We recommend running the nextflow nf-core/rnaseq pipeline once and then assessing the fastqc results folder to assess if sequence biases are present in the 5'-end and 3'-end ends of the sequences. Version 3.12.0 allows running the pipeline to do quality assessment only, without any alignment, read counting or trimming. To execute that option, add the following flags to your nextflow run nf-core/rnaseq command: --skip_trimming, --skip_alignment and --skip_pseudo_alignment.

Submitting the job

Once you have created the folder for the run, the samplesheet.csv file, nextflow.config, and launch.pbs, you are ready to submit.

Submit the run with this command

qsub launch.pbs

Monitoring the Run

You can use the command

qstat -u $USER

Alternatively, use the command

qjobs

to check on the jobs, you are running. Nextflow will launch additional jobs during the run.

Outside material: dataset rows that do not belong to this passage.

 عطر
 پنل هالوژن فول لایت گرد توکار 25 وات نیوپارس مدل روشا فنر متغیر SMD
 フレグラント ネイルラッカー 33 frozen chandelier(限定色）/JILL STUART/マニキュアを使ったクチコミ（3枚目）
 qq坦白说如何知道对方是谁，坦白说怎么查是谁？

You can also check the .nextflow.log file for details on what is going on.

Assessing QC report

Evaluate the nucleotide distributions in the 5'-end and 3'-end of the sequenced reads (Read1 and Read 2). Define how many nucleotides should be trimmed from each region of the sequences. This will inform the parameter setting for Case 3 below.

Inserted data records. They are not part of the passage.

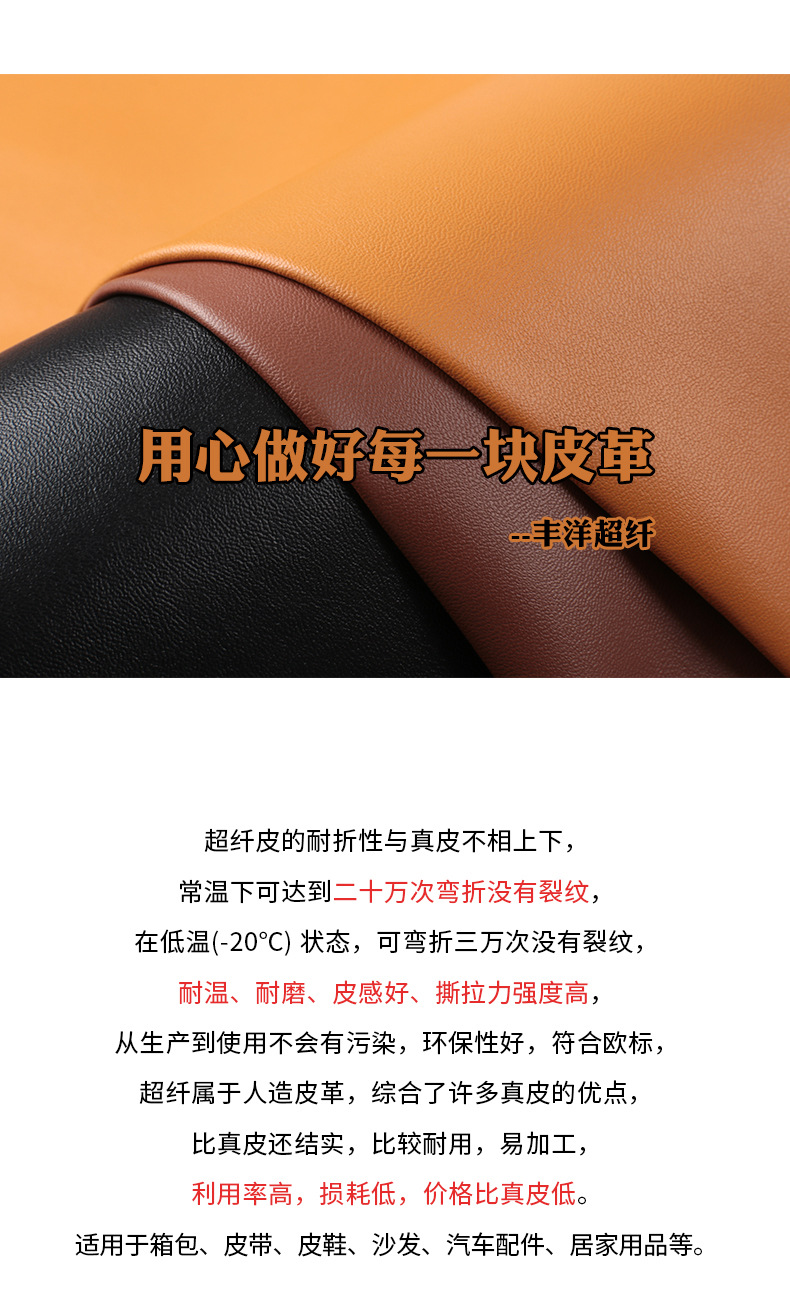 超纤皮纳帕皮沙发人造革箱包鞋材服装纳帕纹超纤皮革面料皮料批发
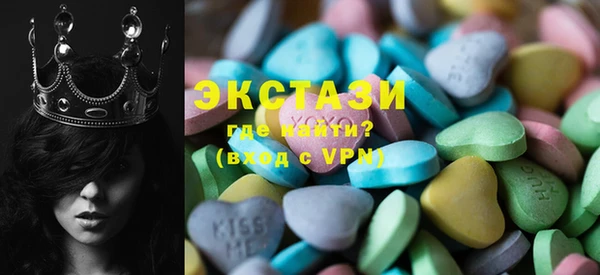 тгк Аркадак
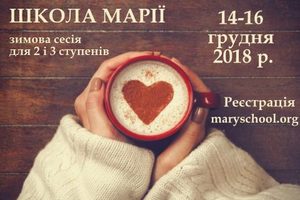 Photo small heart in coffee cup for good morning 1140x650 e1512777964809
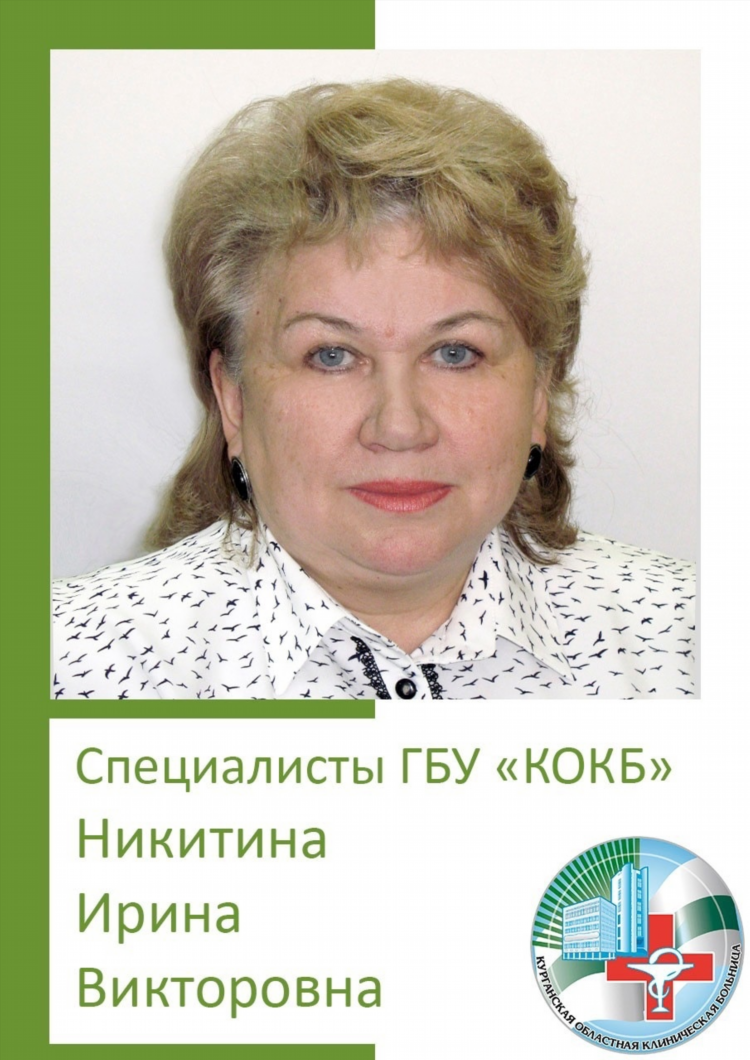 Инна на сайте знакомств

Case 3: Run RNA-seq pipeline

Adjusting the Trim Galore options

When the initial trimming is done, verify if any more clipping needs to be done and run the nf-core/rnaseq pipeline that will perform all the steps. For example:

nextflow run nf-core/rnaseq --input samplesheet.csv \
        --outdir results \
        -r 3.12.0 \
        --genome GRCh38 \
        -profile singularity \
        --aligner star_salmon \
        --extra_trimgalore_args "--clip_r1 10 --clip_r2 10 --three_prime_clip_r1 1 --three_prime_clip_r2 1 "

Submitting the job

Once you have created the folder for the run, the samplesheet.csv file, nextflow.config, and launch.pbs, you are ready to submit.

Submit the run with this command (On Lyra)

qsub launch.pbs

Monitoring the Run

You can use the command

qstat -u $USER

Alternatively, use the command

qjobs

to check on the jobs, you are running. Nextflow will launch additional jobs during the run.

You can also check the .nextflow.log file for details on what is going on.